BG Group’s incoming CEO Helge Lund is to get a £25 million pay deal if the proposal goes through, which the Institute of Directors (IoD) describes as “excessive, inflammatory and contrary to the principles of good corporate governance.”

The IoD rarely comments on directors’ pay, making its latest remark stand out.

Director General of the IoD, Simon Walker, said:

“The Institute of Directors is always reluctant to criticize an individual company. However we do have a responsibility to criticize an action that brings the whole of British business into disrepute and threatens already fragile attitudes to corporate Britain.”

“For that reason we state explicitly our strong opposition to BG Group’s recommended £25 million pay deal for its incoming chief executive, Helge Lund. It is excessive, inflammatory and contrary to the principles of good corporate governance.”

Mr. Lund will join the British multinational oil and gas company next year and has been awarded a £12 million “golden hello” in stocks, plus the opportunity to earn an additional £14 annually if certain performance targets are met.

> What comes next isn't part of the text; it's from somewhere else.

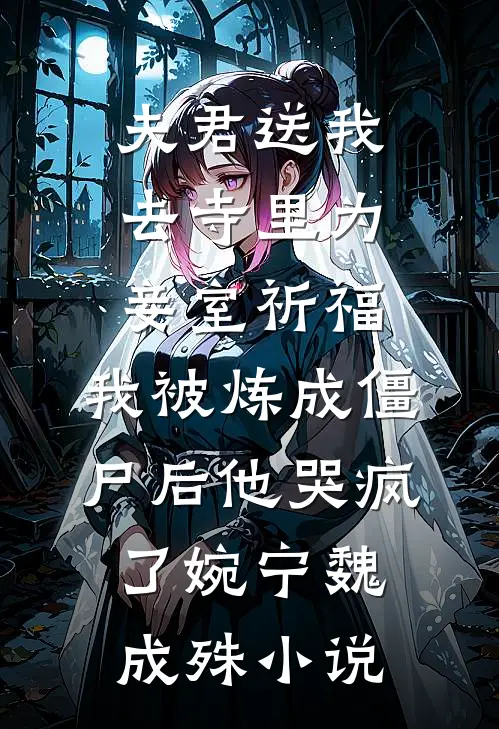 夫君送我去寺里为妾室祈福，我被炼成僵尸后他哭疯了婉宁魏成殊小说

Helge Lund, new BG Group CEO

Mr. Lund has served as Chief Executive of the Norwegian oil & gas company Statoil since 2004.

This generous deal follows a 3-year ‘binding’ pay policy which BG shareholders had approved only six months ago.

Mr. Walker added:

“There is no doubt that Mr Lund is a talented Chief Executive, but the pay package and the decision making process behind this is wrong. It will damage the legitimacy and integrity of corporate Britain as a whole by seeking to unpick binding votes cast by the owners of the company.”

“Calling an extraordinary general meeting in order to slip through a pay deal that drives a coach and horses through those arrangements is unacceptable. It cannot be right to put fund managers in a position where, unless they approve excessive pay way beyond agreed policy, their shares will fall in value. We urge shareholders – including investment institutions – to put their credibility and that of the business community first.”

Simon Walker, IoD

Mr. Walker says such pay deals damage the reputation of UK plc.

Given BG’s size and sector, the pay proposal is just too high, the IoD emphasized, adding that it relies on vague performance conditions. It also smashes to pieces the pay policy shareholders had recently agreed to.

The peal deal would seriously undermine the credibility of British business just six months before a general election, and at a time when the reputation of several UK corporations are still suffering, Mr. Walker argued. “It is a red rag to the enemies of the free market. We urge shareholders to call BG’s bluff,” he said.